> [Exercise input]
....................

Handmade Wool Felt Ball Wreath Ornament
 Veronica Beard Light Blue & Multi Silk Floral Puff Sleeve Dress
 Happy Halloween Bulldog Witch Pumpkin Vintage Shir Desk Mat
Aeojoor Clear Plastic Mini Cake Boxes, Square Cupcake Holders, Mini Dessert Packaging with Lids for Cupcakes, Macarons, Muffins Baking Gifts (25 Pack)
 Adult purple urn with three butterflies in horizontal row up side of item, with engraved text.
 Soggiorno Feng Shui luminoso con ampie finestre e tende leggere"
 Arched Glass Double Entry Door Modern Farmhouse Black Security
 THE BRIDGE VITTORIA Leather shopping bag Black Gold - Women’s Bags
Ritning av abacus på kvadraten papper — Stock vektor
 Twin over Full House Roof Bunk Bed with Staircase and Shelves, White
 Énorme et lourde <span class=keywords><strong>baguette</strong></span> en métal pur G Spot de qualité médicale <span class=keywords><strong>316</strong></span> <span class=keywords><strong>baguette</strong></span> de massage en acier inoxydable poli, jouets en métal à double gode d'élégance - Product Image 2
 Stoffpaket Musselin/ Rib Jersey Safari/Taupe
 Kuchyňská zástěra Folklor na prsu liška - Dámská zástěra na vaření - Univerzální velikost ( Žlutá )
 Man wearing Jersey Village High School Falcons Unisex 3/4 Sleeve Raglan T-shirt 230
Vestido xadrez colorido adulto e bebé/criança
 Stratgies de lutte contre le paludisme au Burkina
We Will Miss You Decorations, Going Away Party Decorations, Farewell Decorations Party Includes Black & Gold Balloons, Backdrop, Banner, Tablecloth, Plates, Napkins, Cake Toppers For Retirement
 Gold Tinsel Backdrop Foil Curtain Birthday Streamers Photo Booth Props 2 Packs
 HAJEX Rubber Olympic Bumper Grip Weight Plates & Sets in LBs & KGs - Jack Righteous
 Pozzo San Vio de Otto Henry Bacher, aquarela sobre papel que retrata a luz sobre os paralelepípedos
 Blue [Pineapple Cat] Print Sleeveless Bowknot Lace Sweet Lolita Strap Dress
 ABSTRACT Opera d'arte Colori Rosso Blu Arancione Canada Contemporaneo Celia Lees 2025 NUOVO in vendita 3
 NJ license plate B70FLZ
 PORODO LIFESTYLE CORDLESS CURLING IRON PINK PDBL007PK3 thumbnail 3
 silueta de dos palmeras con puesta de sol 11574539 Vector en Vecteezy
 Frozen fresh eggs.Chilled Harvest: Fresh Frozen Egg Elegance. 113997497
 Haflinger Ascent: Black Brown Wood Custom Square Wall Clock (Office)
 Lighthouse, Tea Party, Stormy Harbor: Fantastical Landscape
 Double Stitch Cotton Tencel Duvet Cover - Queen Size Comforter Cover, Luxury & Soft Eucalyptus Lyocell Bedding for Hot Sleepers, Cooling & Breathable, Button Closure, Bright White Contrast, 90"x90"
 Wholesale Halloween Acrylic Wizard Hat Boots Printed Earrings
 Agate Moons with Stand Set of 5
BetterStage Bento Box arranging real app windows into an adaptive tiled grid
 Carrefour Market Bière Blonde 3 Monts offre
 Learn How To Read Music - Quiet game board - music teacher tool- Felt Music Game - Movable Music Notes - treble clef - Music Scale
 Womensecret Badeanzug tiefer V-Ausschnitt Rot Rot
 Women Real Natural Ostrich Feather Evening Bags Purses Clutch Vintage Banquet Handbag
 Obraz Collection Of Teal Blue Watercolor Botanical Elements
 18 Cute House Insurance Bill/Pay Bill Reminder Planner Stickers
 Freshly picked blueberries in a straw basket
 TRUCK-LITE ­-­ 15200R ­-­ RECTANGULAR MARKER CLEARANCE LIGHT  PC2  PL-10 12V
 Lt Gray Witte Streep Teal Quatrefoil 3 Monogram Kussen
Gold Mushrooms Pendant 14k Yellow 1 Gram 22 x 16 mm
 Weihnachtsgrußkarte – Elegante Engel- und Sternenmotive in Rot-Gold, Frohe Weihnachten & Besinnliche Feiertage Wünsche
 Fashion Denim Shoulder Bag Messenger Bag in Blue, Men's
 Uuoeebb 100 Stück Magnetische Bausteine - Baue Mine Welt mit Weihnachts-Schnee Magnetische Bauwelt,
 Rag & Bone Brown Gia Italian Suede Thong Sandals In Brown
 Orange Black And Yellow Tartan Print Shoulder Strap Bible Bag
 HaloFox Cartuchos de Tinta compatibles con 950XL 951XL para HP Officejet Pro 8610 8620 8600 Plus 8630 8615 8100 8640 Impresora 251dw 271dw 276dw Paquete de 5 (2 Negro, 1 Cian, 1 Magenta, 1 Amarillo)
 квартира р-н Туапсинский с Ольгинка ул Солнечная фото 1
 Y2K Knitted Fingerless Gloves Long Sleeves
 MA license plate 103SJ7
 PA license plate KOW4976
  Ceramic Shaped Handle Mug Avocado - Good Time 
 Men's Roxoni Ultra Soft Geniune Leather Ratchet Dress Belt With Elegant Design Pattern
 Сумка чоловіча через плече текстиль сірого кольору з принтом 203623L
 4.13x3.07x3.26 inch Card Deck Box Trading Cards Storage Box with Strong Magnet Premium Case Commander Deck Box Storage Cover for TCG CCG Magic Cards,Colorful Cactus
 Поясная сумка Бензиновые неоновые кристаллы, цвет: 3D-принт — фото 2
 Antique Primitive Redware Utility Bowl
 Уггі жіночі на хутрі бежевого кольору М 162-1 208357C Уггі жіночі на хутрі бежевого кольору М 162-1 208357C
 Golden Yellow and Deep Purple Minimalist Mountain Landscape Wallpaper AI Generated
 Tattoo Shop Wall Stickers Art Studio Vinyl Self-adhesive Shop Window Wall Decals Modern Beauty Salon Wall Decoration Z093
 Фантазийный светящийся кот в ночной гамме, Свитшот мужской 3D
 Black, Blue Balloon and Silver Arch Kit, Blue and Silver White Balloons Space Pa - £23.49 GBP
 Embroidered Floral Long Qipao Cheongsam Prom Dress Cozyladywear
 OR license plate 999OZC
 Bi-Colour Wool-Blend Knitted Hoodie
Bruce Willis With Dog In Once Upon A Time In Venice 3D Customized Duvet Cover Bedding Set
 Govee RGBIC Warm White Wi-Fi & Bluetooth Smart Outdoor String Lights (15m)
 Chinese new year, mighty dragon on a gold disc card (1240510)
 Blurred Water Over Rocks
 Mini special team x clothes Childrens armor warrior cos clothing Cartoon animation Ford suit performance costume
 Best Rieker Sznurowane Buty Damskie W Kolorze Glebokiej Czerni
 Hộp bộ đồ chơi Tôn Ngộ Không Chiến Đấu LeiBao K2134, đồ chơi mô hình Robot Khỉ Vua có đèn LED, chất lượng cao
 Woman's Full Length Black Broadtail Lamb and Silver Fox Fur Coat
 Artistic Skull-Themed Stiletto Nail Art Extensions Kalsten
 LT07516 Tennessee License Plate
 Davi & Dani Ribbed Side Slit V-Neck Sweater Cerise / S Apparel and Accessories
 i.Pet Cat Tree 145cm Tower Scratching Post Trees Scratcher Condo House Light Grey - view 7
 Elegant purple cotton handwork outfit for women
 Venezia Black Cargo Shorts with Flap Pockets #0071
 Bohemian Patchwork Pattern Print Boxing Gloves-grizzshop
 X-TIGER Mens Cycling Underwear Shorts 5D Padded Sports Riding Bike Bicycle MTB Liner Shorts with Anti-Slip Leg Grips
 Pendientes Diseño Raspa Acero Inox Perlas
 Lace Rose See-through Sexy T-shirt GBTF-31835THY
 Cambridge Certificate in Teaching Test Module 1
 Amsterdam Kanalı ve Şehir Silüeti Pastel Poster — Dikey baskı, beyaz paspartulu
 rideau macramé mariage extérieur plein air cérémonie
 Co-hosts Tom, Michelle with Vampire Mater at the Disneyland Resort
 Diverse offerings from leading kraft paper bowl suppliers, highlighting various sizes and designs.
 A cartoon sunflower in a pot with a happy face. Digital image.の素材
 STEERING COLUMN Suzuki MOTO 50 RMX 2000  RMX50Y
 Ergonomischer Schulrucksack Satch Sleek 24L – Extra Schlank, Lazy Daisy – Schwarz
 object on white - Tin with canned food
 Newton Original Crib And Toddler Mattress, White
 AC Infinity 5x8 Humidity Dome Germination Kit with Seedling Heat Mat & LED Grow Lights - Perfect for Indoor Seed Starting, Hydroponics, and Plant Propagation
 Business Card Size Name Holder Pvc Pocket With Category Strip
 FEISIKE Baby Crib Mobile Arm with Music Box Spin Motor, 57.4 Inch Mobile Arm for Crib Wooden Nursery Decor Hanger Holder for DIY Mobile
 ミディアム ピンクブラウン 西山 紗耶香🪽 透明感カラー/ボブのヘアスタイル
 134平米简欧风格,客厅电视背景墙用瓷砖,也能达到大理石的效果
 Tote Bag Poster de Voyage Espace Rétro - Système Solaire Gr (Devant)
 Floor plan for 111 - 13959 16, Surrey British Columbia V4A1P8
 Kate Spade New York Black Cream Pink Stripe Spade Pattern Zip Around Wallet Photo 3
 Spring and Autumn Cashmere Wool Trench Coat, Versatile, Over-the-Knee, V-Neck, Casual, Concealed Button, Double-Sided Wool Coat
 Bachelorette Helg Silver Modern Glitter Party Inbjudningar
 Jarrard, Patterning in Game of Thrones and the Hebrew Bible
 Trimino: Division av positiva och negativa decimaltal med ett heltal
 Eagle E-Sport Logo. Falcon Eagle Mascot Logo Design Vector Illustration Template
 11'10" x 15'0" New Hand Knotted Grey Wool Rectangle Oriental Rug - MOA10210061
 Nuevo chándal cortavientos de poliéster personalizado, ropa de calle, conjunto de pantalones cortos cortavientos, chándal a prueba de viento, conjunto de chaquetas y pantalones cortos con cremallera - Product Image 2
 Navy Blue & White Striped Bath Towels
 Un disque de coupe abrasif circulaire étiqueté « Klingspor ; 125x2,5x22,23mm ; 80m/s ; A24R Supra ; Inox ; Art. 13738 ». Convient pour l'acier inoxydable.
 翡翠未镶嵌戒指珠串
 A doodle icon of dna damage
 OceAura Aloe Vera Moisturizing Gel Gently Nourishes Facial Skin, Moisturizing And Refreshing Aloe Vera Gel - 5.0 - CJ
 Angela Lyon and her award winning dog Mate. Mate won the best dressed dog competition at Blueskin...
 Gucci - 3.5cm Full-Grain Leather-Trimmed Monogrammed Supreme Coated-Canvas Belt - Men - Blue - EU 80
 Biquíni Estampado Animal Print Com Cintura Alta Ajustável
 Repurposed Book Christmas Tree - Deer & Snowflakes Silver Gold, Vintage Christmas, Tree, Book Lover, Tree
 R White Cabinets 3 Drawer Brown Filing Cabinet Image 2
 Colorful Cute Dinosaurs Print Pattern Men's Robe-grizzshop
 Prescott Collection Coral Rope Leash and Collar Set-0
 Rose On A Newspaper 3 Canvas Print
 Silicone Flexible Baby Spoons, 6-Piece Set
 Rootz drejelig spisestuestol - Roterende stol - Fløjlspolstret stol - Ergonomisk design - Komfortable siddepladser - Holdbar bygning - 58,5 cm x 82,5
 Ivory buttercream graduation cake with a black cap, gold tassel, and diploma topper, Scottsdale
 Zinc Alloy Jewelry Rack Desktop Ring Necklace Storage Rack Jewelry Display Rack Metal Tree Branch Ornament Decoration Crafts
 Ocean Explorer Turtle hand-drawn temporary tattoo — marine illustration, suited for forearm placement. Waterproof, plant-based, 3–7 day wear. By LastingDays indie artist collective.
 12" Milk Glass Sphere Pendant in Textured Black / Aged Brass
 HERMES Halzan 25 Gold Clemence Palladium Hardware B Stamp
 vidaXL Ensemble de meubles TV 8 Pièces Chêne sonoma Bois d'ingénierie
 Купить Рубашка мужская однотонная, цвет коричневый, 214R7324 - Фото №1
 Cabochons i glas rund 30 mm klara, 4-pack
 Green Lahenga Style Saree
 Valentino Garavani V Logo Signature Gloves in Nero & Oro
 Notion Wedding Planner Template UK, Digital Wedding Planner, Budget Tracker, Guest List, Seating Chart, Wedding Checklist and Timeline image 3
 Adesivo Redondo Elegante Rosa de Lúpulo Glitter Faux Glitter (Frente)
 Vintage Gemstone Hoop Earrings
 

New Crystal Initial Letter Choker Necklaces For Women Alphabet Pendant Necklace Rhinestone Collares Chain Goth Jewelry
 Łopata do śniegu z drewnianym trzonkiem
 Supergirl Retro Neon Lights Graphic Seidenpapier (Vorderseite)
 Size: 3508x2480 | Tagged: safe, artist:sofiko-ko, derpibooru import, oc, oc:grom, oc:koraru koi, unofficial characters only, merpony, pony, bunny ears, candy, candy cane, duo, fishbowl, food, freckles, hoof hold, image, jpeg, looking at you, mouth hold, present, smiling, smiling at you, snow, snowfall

....................

> [Problem statement] The lines to copy are those in the listing that contain "Shoulder".

> [Reply to the exercise]
 Fashion Denim Shoulder Bag Messenger Bag in Blue, Men's
 Orange Black And Yellow Tartan Print Shoulder Strap Bible Bag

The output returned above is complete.